So assuming that you do the right thing and create a real data model in your database where locations are part of a tree structure and address assembled strings linked against locations and have a time reference, etc. how does all this manifest in the object code? Not at all the way that they present in the database. Consider trying to define a person’s “current address”.

There are two naive ways to do this and two right ways to do this. The most common stupid approach is to just put a boolean on it “is_current” or something similar and call it good. The other stupid way to do it is to present any NULL end dates as “current” and call it good. But what about the fact that NULL is supposed to mean “unknown” — which would most likely be the case at least some of the time anyway and therefore an accurate representation of known fact. And even more interestingly, how do we declare that a person can only have one current address? Without a programmatic rule you can’t, because making the “is_current” boolean a UNIQUE means that a person can’t have more than one false value, either, which means they can only ever have a current and a not current address (just two) and this is silly. Removing the constraint means that either the client code (really stupid) or a database trigger (sort of stupid) should check for and reject any more than a single true value per person.

The better way to handle this is to have an independent “current address” table where the foreign key to person or party is UNIQUE and a separate “address” table where you dump anything that isn’t current. This has the advantage of automatic partitioning — since you will almost never refer to old addresses anyway, you can get snappy responses to current address queries because the current address table is only as large as your person table. The other right way to do this is to create a “current address” table that doesn’t contain any address data at all but rather just a unique reference to a party and a (not unique) reference to an address. This approach is the easiest to retro-fit onto an existing schema and is probably the right solution for a datastore that isn’t going to get more than a million addresses to store anyway.

But wait… you can’t really do that in an ORM. I mean, you can make an ORM play along with the idea, but you can’t actually create this idea in a simple way from within ORM code, and from OOP ORM code it is really a much huger PITA to coerce the database into giving you what you want than just writing your tables and rules in SQL yourself and some views to massage them into a complete answer for easy coexistence with an ORM. In particular, its easiest to have the objects actually have an “is_current” boolean and the database just lie to the ORM and tell it that this is the case on the database end as well. Without knowing anything about how databases work, though, you’d never know that this is the right way to do things, and you’d never know that the ORM is actually obstructing you from doing a good job at data modeling instead of enabling you to do a good job.

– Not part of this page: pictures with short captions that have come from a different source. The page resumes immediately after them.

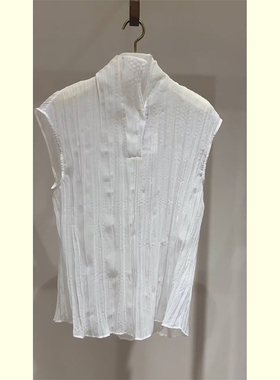 设计感时尚洋气白色褶皱薄纱背心女夏季新款独特别致绝美衬衫上衣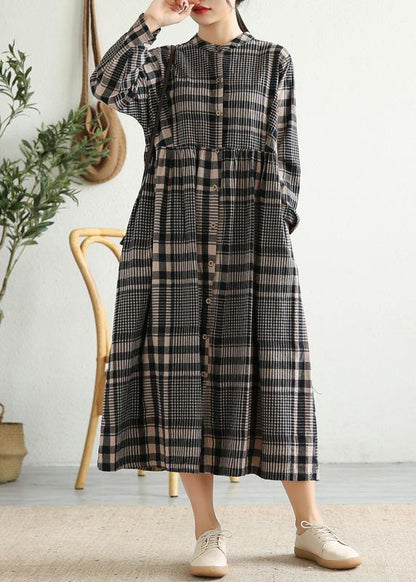 Loose Stand Collar Cinched Linen Tunics Shape Black Plaid Dresses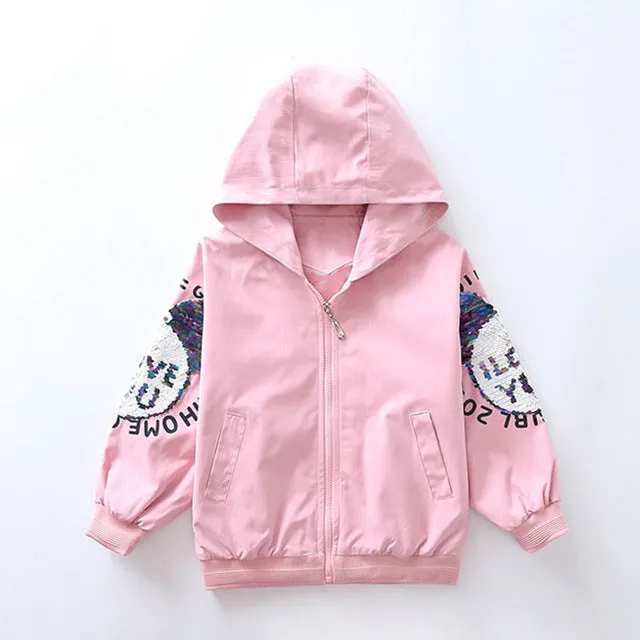 New Spring Autumn Girls Mickey Windbreaker Coat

So here’s another mismatch: good data design predicts that objects are inherited one way in Python and the tables follow a significantly different schema in the database. Other than the problem above (which is really a problem of forcing addresses to be children of parties/people and not children of a separate concept of location as we have it in the real world) the object/relation weirdness creates a lot of situations where you’re trying to query something that is conceptually simple, but winds up requiring a lot of looping or conditional logic in the application to sort things out.

As for the looping — here be dragons. If you just trust the ORM completely each iteration may well involve one query, which is really silly once you think about it. And if you do think about it (I did) you’ll write a larger query domain initially and loop over that in the application and save yourself a bunch of round trips. But either way this is silly, because isn’t SQL itself designed to be a language that permits the asking of detailed data questions in the first place? Why am I doing this stuff in Python (or Ruby or Lisp or Haskell or whatever)?

But I digress. Let me briefly return to the fact that the tables are inherited one way and the objects another. The primary database used for Tryton is Postgres. This is a great choice. That shows that somebody thought about things before pulling the trigger. Tryton was rewritten from old TinyERP/OpenERP (the word “open” here is misleading, by the way — OpenERP’s terms don’t come close to adhering to the OSS guidelines whereas TinyERP actually did, or was very close) and the main project leader spent a lot of time cleaning out funky cruft — another great sign. But somewhere in there a heavy impulse to be “database agnostic” or “portable” or some other dreamy urge got in there and screwed things up.

See, Tryton supports MySQL and a few other database systems besides that don’t have a very complete feature set. What this means is that to make the ORM-generated SQL Postgres uses similar to the ORM-generated SQL that MySQL uses you have to settle for the lowest-common feature set between the two. So any given cool feature that you could really benefit from in one that doesn’t exist in the other must be ditched for all database backend code or else maintaining the ORM becomes a nightmare.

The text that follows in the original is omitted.